Land reclamation is a form of land management, common in the American Southwest, that seeks to alter arid landscapes through a fabricated re-balancing of the hydrological ledger: taking water from one location, sometimes at great expense and through vast infrastructures, to irrigate a different landscape. San Francisco, looking to flourish in a dry climate, has been the beneficiary of one such reclamation project: the Hetch Hetchy Water System, an infrastructure of remarkable and often-overlooked means.
At one end of the system lies Yosemite National Park’s Hetch Hetchy Valley, occupied for thousands of years by indigenous peoples, now dammed and flooded. At the other is the west edge of the San Francisco Peninsula, once covered in endless dunes and now home to Golden Gate Park, the city’s parkland crown jewel. Between these two points, an immense and obscure infrastructure carves gentle lines through thirsty almond groves on its way out to the coast, and the necessity of these decisions go unquestioned.
Unfortunately, reclamation may prove to be an inflexible basis for settlement, as climate change begins to manifest signs of stress within the infrastructural system. Meanwhile, contemporary discourse around the future of this system fundamentally fails to question the historic context behind its initial development. Investigating the Hetch Hetchy Water System’s history provides an opportunity to question the future of the system, and the inherent assumptions behind the reclamationist struggle against climate, ecology, and history that justified the project in the first place. This thesis thus seeks to interrogate and subvert the dominant condition of land reclamation in California in the context of changing climatic and political conditions.

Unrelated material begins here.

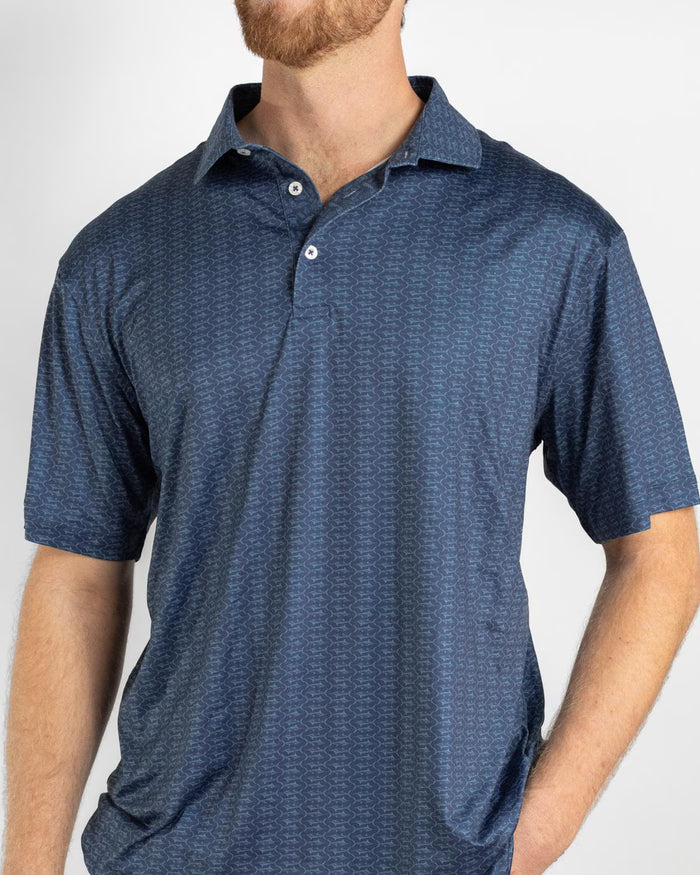 Men's Big Catch Performance Polo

The extent of the Hetch Hetchy Water System is mapped and explored, and three sites within the larger system –Golden Gate Park, the Central Valley’s San Joaquin Pipelines and the Hetch Hetchy Reservoir – are identified. Following a thorough overview of the environmental and political forces surrounding these sites – including reflections on a series of overlooked proposals from Frederick Law Olmsted, Mary Hunter Austin and John Muir that, in opposing reclamation, ended up on the wrong side of history – this thesis will propose a series of landscapes that seek to reintegrate presently-subsumed ecological forces – sand dunes, seasonal flooding, and Native American land management practices – rather than rejecting them. Drawing on the overlooked alternatives to San Francisco’s reclamation project, these landscapes seek neither to return to a long-lost pristine nature nor to support a purely manmade ecology. Instead, they look to balance the needs and desire of humans against the potential for native ecologies to function resiliently, with the goal of creating enriching and generous environments that sustain us all through the challenging futures to come.